▸ PROBLEM REQUIREMENTS: Take the line with "Paola Mandri Figueroa" and every line after it in the entries below, and set them down exactly, without any pictures.

[Source data]
************
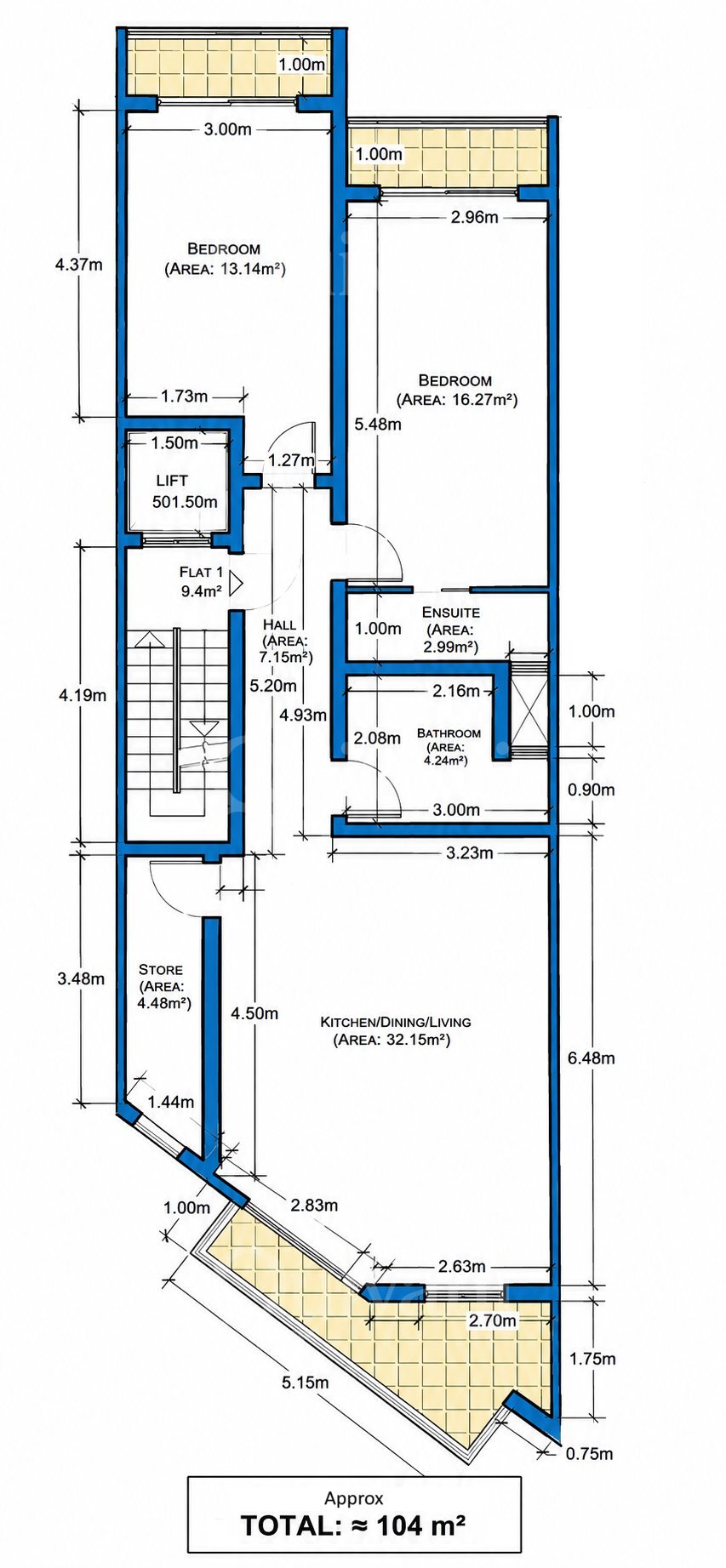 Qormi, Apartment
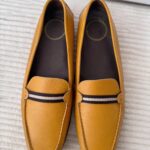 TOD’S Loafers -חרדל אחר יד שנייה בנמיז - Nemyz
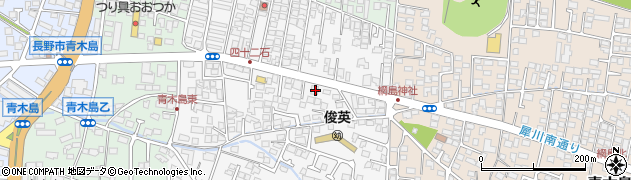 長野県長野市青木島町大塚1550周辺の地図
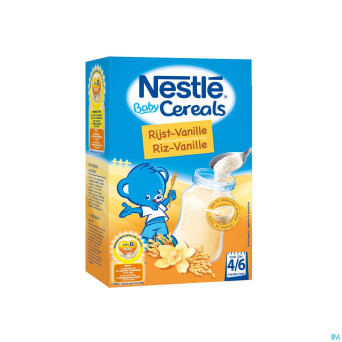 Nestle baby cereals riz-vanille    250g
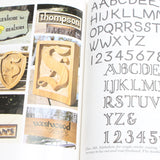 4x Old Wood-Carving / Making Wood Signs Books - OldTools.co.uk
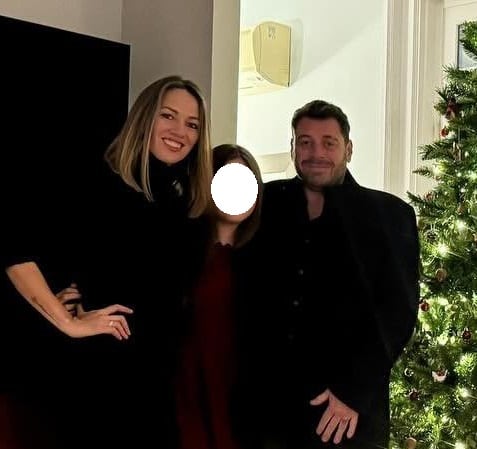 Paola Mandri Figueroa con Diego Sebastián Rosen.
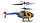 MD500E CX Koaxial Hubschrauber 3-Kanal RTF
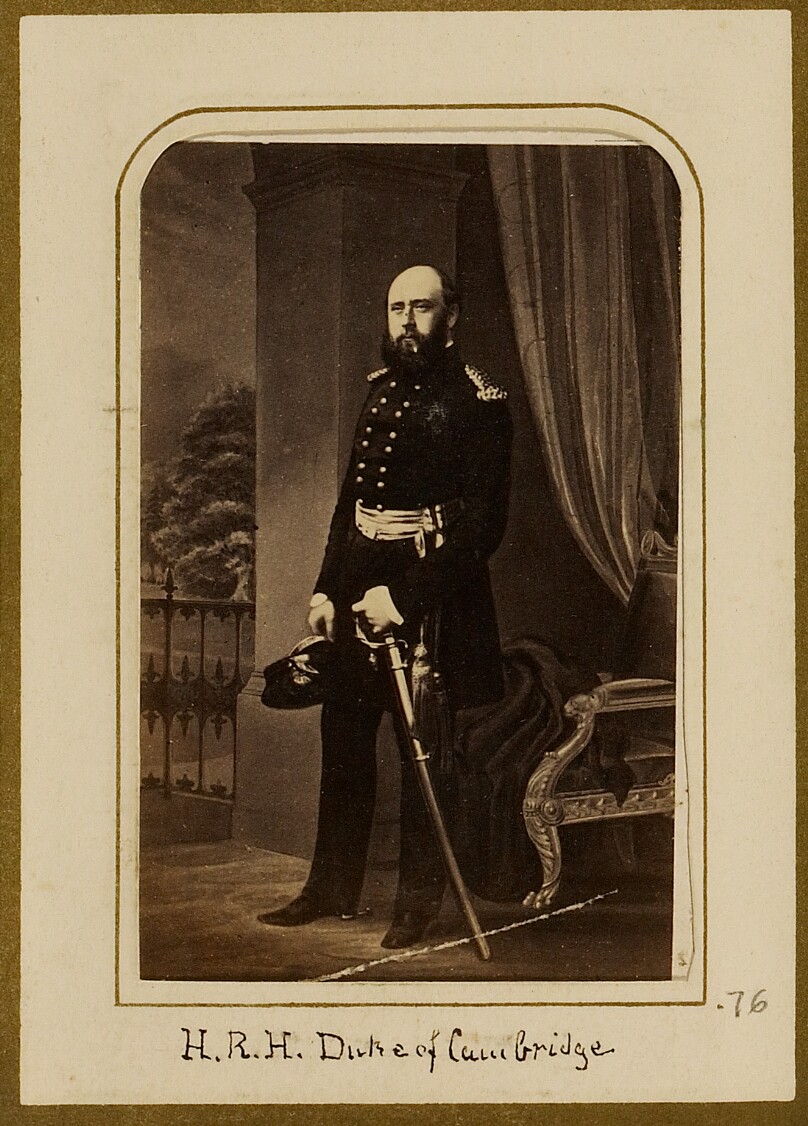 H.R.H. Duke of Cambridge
************
▸ RESULT:
 Paola Mandri Figueroa con Diego Sebastián Rosen.
 MD500E CX Koaxial Hubschrauber 3-Kanal RTF
 H.R.H. Duke of Cambridge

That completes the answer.